Rocky times: Why Tennessee's troubles aren't going away anytime soon
Back on Dec. 19, Tennessee ended its regular season with a 34-13 loss to Texas A&M. At 3-7, it was one of the worst seasons in program history. A trip to the Liberty Bowl was canceled after head coach Jeremy Pruitt and others in the program tested positive for COVID-19.
Since then … Tennessee football has been spiraling out of control.

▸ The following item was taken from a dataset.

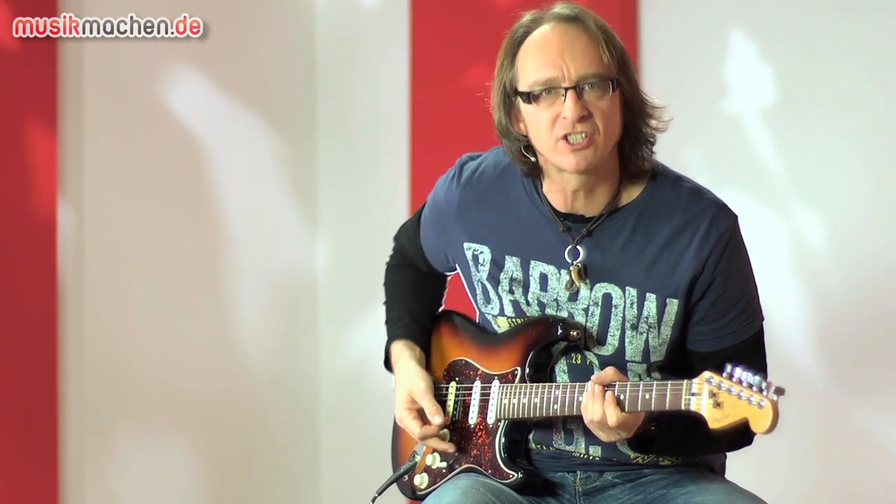Nachdem wir im Intro ja schon den Clean-Kanal mit ein bisschen Modulation gehört haben, hören wir uns jetzt mal den Crunch-Kanal an.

Vols players are jumping onto the transfer portal like it’s a lifeboat and Tennessee is a sinking ship. Close to 20 players have made their intentions known, and these aren’t just disgruntled student-athletes looking for a place that will offer more playing time.
In the past few days, running back Ty Chandler, the Vols’ 2nd-leading rusher in 2020, announced that he is transferring to North Carolina. Offensive tackle Wayna Morris, a 5-star recruit in the Class of 2019 who has as many as 3 years of eligibility remaining, entered the transfer portal.
In December, quarterbacks Jarrett Guarantano (Washington State) and J.T. Shrout (Colorado) and defensive end Deandre Johnson (Miami) left as well.
Yes, Tennessee did get a transfer in Virginia Tech quarterback Hendon Hooker, but so far, Tennessee’s roster is looking a lot worse … and it wasn’t very good to begin with.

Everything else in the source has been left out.